Glanz und Gloria: Die Geschichte der Bälle und ihr politischer Einfluss

Am 27. Jänner 1935 rückte die Illustrierte Kronen Zeitung einen „Mitternachtsbericht vom Opernball“ ins Blatt: Der Platz vor der Wiener Staatsoper glich gestern einem Blumengarten. Den ganzen Vormittag über wurden Blumen abgeladen. Ab 9 Uhr abends kamen wieder Blumen – diesmal nicht mehr auf Leiterwagen, sondern in noblen Automobilen – kurz die abendlichen Blumen waren die ersten Besucherinnen des Opernballs 1935, die strahlten und dufteten wie die Blumen am Vormittag , was zweifellos auch dazu beitrug, die ohnehin feenhaften Räume unserer Oper noch mehr zu verschönern.
„Der Opernball, wie wir ihn auch heute noch kennen, ist, wenn man es genauer betrachtet, eine ,erfundene Tradition’ der rückwärtsgewandten Harmonievorstellungen des Austrofaschismus“, kommentiert Christian Maryška vom Haus der Geschichte Österreich (hdgö). Nach dem Bürgerkrieg 1934 und der Ermordung von Bundeskanzler Engelbert Dollfuß wollte die Regierung repräsentative Bälle nach historischem Vorbild einführen, um den Fremdenverkehr zu beleben und das Image des isolierten Österreich im Ausland zu verbessern.
Wobei sich schon die junge Republik erstaunlich bald nach dem Untergang des Kaiserreiches 1918 an die imperialen Feste im Opernhaus erinnert hatte. Bereits 1921 hielt man die erste Opernredoute ab. Was uns zur Frage bringt, wie es kam, dass Tanzveranstaltungen Opernhäuser eroberten? Vorbild waren – wie oft bei Dingen, die mit Vergnügen zu tun haben – die Franzosen: Ludwig XIV. lud 1716 zum ersten Pariser Opernball. Auch die ersten durchchoreografierten „echten“ Bälle wurden am Ende des 17. Jahrhunderts an seinem Hof erfunden und dienten dem Adel zum Sehen und gesehen werden.

Tanzen? Nur für Junge
„Die Teilnehmer wollten ihren Rang herausstreichen“, sagt die Musikwissenschafterin Monika Fink. Eine Tanzakademie entstand, in der schon Kinder komplizierte Figurentänze erlernten. Der Großteil der Ballbesucher hat aber nur zugesehen. Fink: „Tanzen durften nur junge Paare, die vorher aufgrund ihrer sozialen Stellung bestimmt worden waren.“ Mit Mitte 30 hatten auch sie ausgetanzt. „Der König selbst hat mit 41 das letzte Mal getanzt“.
In Bällen spiegeln sich gesellschaftlicher Wandel und Moralgeschichte
Musikwissenschafterin
Der Wiener Walzer etwa stammt aus einer Epoche politischer Unsicherheit. Er war der erste Gesellschaftstanz, in dem Mann und Frau sich eng umfassten und ohne Unterschied nach Stand und Rang sich einer fast rauschartigen Tanzekstase hingaben. Obwohl als unmoralisch verschrien, setzte sich der Walzer sogar an den Höfen Europas durch und spiegelte so die brüchig werdende Macht traditioneller Herrschaftsschichten.
Es war auch die Zeit, in der die Zahl der Ball-Lokalitäten dermaßen zunahm, dass Orientierungstafeln in Wien aufgestellt werden mussten, um Einheimische wie Reisende mit der Flut an Örtlichkeiten bekannt zu machen, wissen Zeitzeugen zu berichten.

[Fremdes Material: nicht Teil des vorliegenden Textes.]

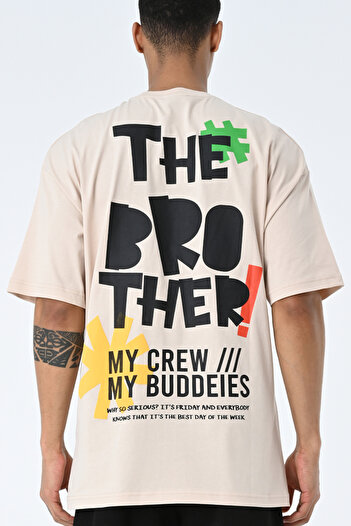 AMAZING CRASH Бежева футболка з надрукованим коміром Oversize Unisex T-Shirt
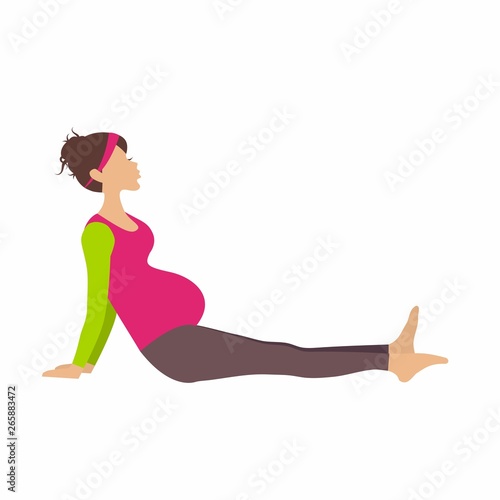 Expecting mother practicing yoga stretching fitness for Infographic isolated on white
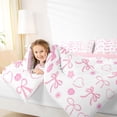thumbnail image 3 of Manfei Pink Bow Love Heart Flower Queen Comforter Set for Girls, Cute Ribbon Bedding Comforter Set, Pink Reversible, 3-Piece, 3 of 6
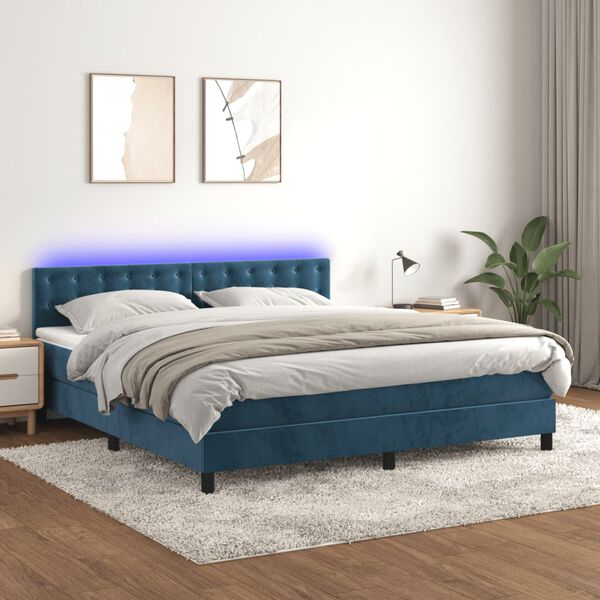 vidaXL Cama box spring colch&oacute;n y LED terciopelo azul oscuro 160x200 cm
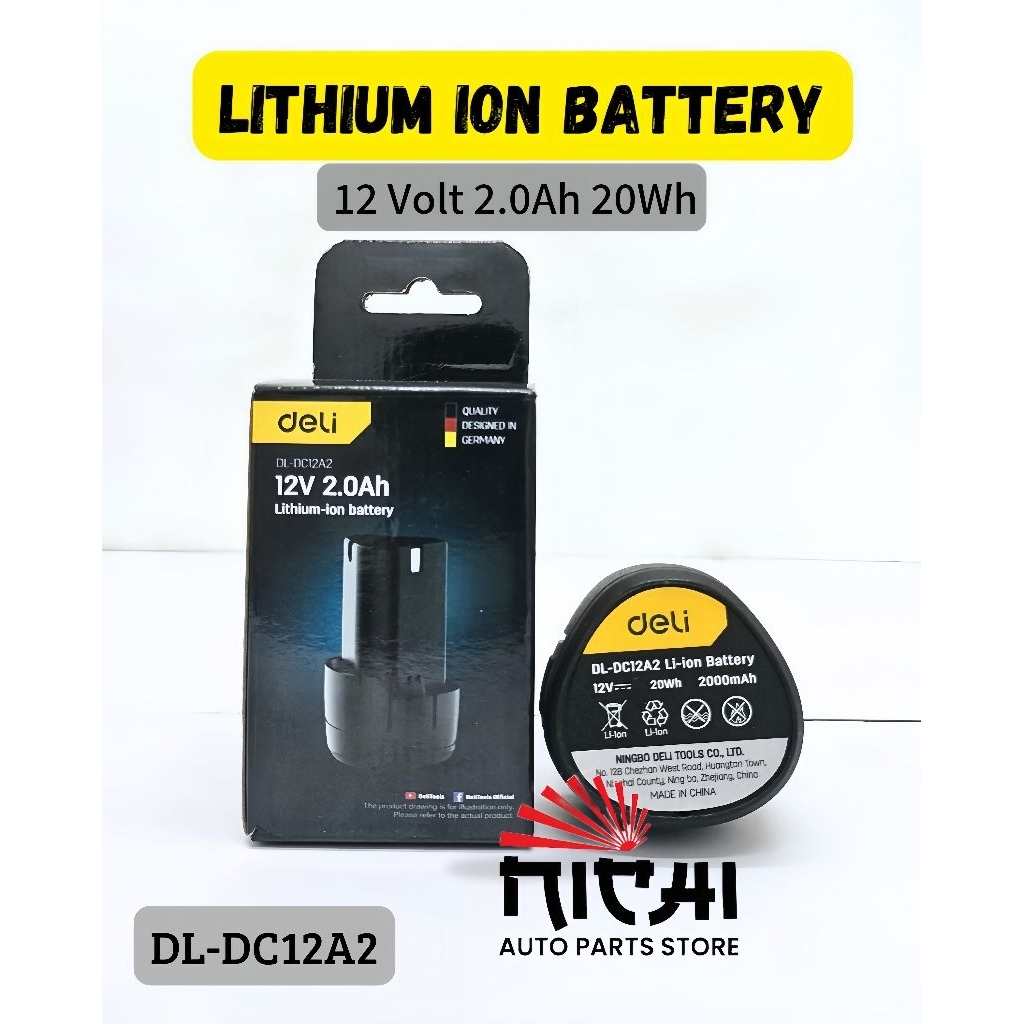 LITHIUM ION BATTERY BATERAI MESIN BOR DELI DL-DC12A2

Der Apollosaal, eröffnet 1808, war der größte und extravaganteste Ballsaal der Metropole: Lebendige Schwäne, die majestätisch über künstliche Teiche glitten, mythologische Figuren aus Gips, beleuchtete Engel, ein Wasserfall und eine Grotte für Verliebte, Alleen aus blühenden Obstbäumen. Dazu 13 Küchen für 6.000 Gäste, in sechs Klassen eingeteilte, entsprechend livrierte Kellner, drei Orchester mit jeweils 70 Musikern. Sonntags und donnerstags zelebrierte das gehobene Bürgertum, am Dienstag war der Adel mit seinen Bällen an der Reihe.
Davon konnte man 1956 nur träumen. Am 9. Feber, dem Tag des ersten Nachkriegsopernballs, war man froh, dass das Haus am Ring wieder stand.